From Sharecropping to the Voting Booth in 3 Generations

Diversity in literature is about more than just authorship and characters’ skin tones. Cultures generate unique storytelling strategies that are often overlooked or afforded less critical significance than white, Western master narratives.

The award-winning collaborators Andrea Davis Pinkney and Brian Pinkney excel at presenting biographical tales rooted in Black culture’s oral histories, theater, poetry, music, art. Complex and evocative, “Loretta Little Looks Back” spans three generations of children in one fictional Mississippi family enduring a new type of enslavement (sharecropping, under the Jim Crow laws of segregation) and ultimately triumphing over new types of voter suppression (a literacy test and a poll tax).

Based on interviews and oral histories culled from sharecroppers who lived in the South in the 1920s through the 1960s, including Andrea Davis Pinkney’s own family members, the novel interweaves the voices of Loretta (speaking from 1927 to 1930); her little brother, Roly (1942-50); and Roly’s daughter, Aggie B. (1962-68). They represent the many who bore witness, from a child’s-eye view, to trauma. Pinkney’s subversion of adult perspectives and leadership proves all the more powerful when Aggie B. (“B” for bold) becomes the first in the family to volunteer as an activist, the youngest in her town to help register Black people to vote.

Like scenes in a play, each chapter begins with setting, time and action, some literal and specific (as in “Holly Ridge, Miss., September 1927,” where we find Loretta standing in a cotton field), others not: “Someplace between here and the other side of tomorrow.
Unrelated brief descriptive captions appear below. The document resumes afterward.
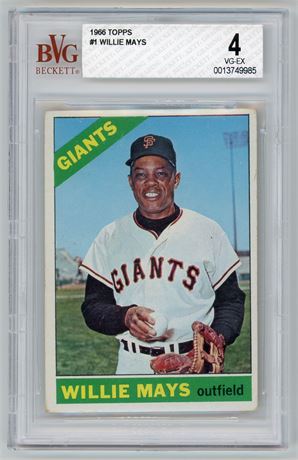 1966 Topps #1 Willie Mays BVG 4 VGEX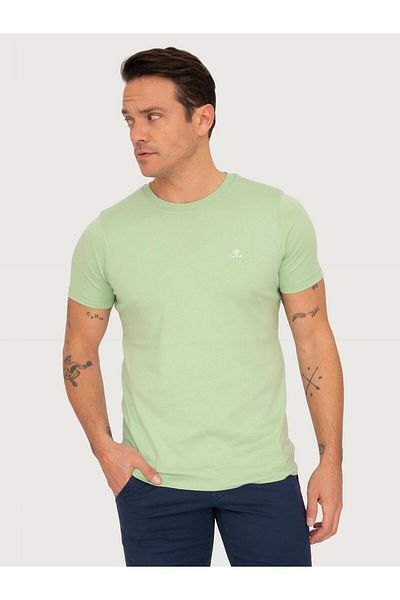 Sir Raymond Tailor Σ 2206224   - Ανδρικό ανοιχτό πράσινο Modal Mixed Crew Neck Άνετο μπλουζάκι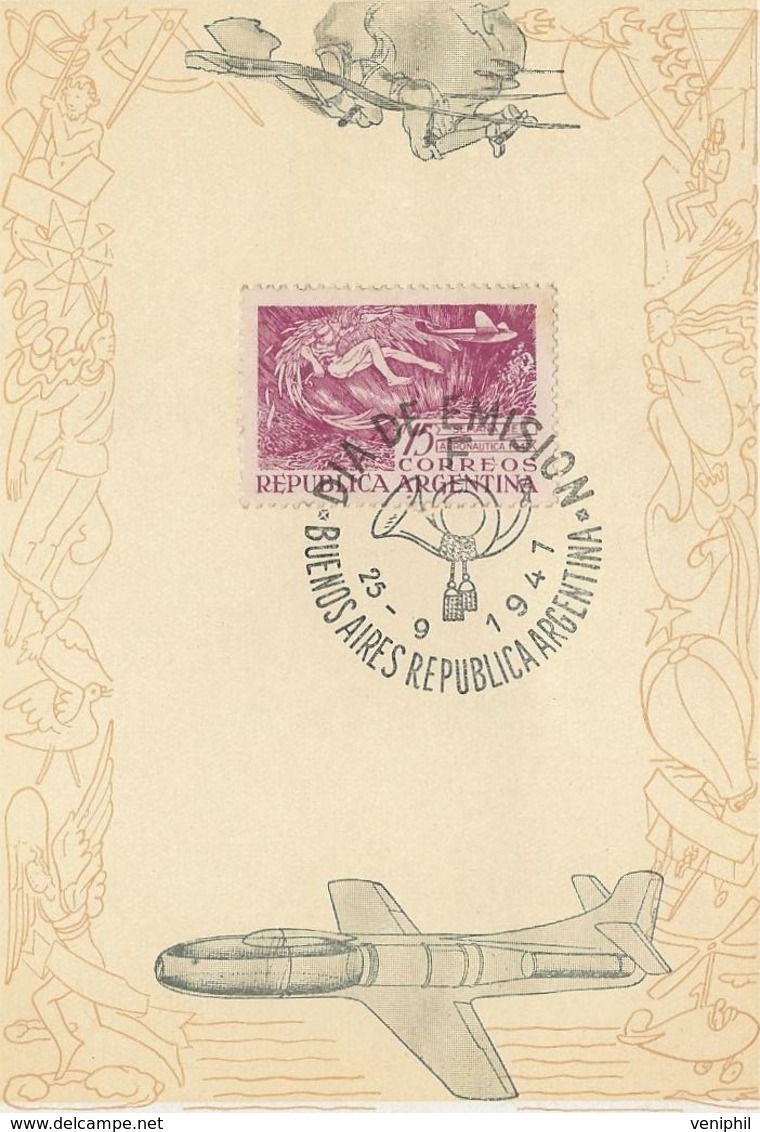 ARGENTINE SOUVENIRS RECOMMANDE SEMAINE DE L'AERONAUTIQUE AFFRANCHI N° 490 + PA N° 32 - Airmail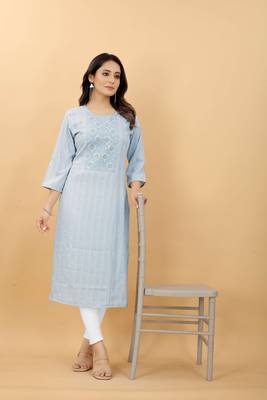 Light-blue plain viscose party-wear-kurtis 1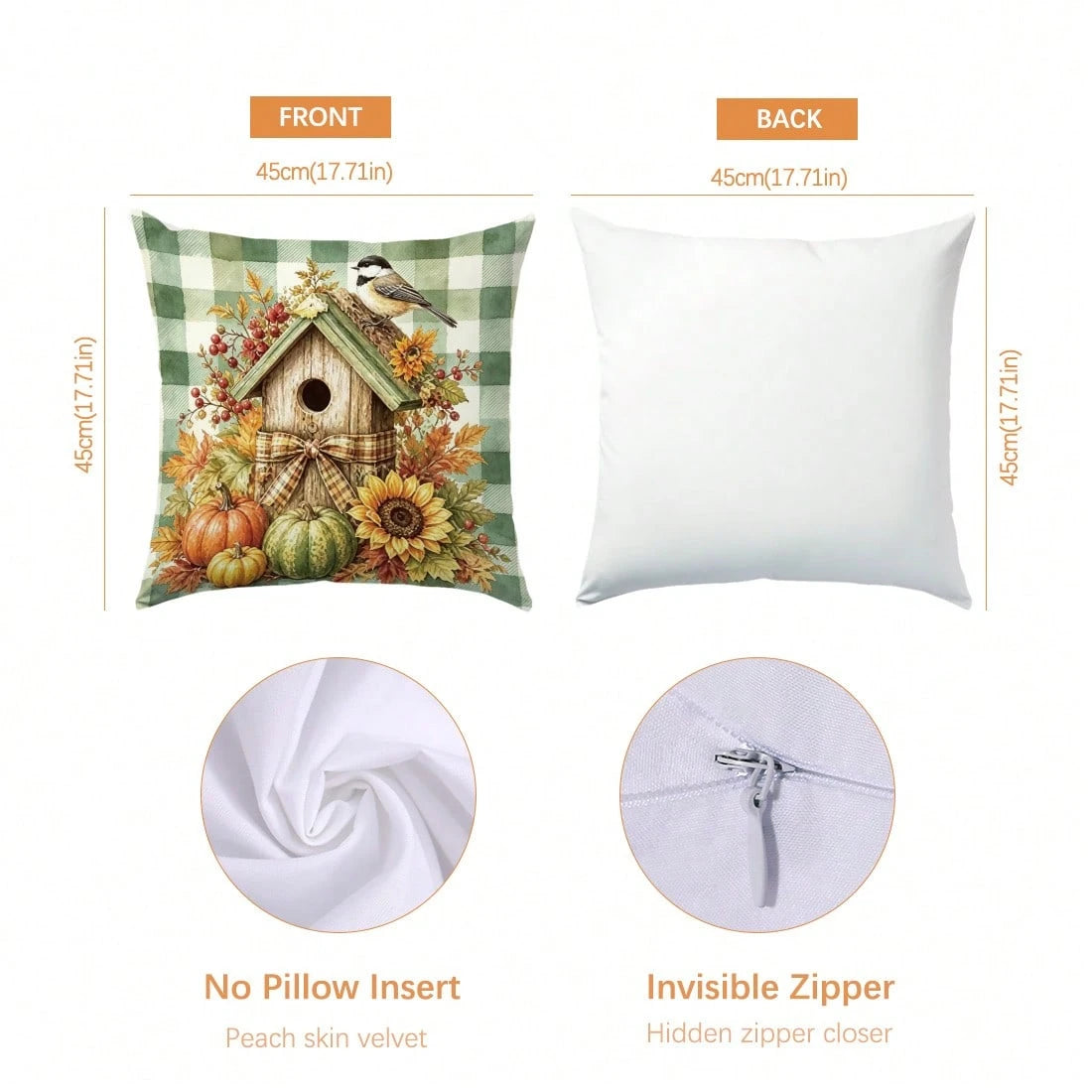 Autumn Vintage Green Plaid Pumpkin Water Bottle Plant Cushion Cover 4pcs Set, Single-Sided Printed Peach Skin Velvet Polyester Material, 45*45CM/18*18inch Pillow Covers Suitable For Room Decor, Modern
Shrill sirens wail. Flashing lights. Red. White. Blue. Aggie is on her knees, buckled over, hugging herself tightly, working hard to breathe.”

Sparkling with Southern diction and rhythms, peppered with poems and songs, Pinkney’s monologues invite readers’ out-loud participation. “Some say, this what they call oration,” Loretta announces. “I call it truth-talking.”

One point could use a footnote. Emmett Till, the 14-year-old Chicago boy murdered in Money, Miss., while visiting his cousins, is briefly referred to this way by Roly: “The child’s crime was making eyes at a white woman.” In 2017, at 82, the white woman, Carolyn Bryant, admitted she’d falsely accused him — though Roly, in 1955, couldn’t have known she had lied.

An orphan “found in a bed of hay,” Roly is a “Night-Deep child” (out of African diaspora folk magic) with “a special connection to the earth’s abundance and its creatures.” His gifts lift the Littles from sharecroppers to landowners, thus providing sustenance for generations.

Brian Pinkney perfectly marries art to his wife’s prose. Circle-shaped watercolor and India ink images capture her vignettes’ drama, spotlighting the players.

The novel’s back matter is a treasure trove: an article about Southern sharecropping, a salute to the real-life heroes in the book (Cassius Clay, Wilma Rudolph, Fannie Lou Hamer, Martin Luther King Jr.), a photo of Andrea Davis Pinkney’s extended family that puts faces to the people who inspired her characters.

Aunt ’Retta, Pa Rollins and Aggie B. conclude her ambitious montage as a chorus. Aggie B. sings out: “My eye is on what’s happening next. / On freedom. / On hope. / On the vote.” Black voices, “go tell it” for the world to hear.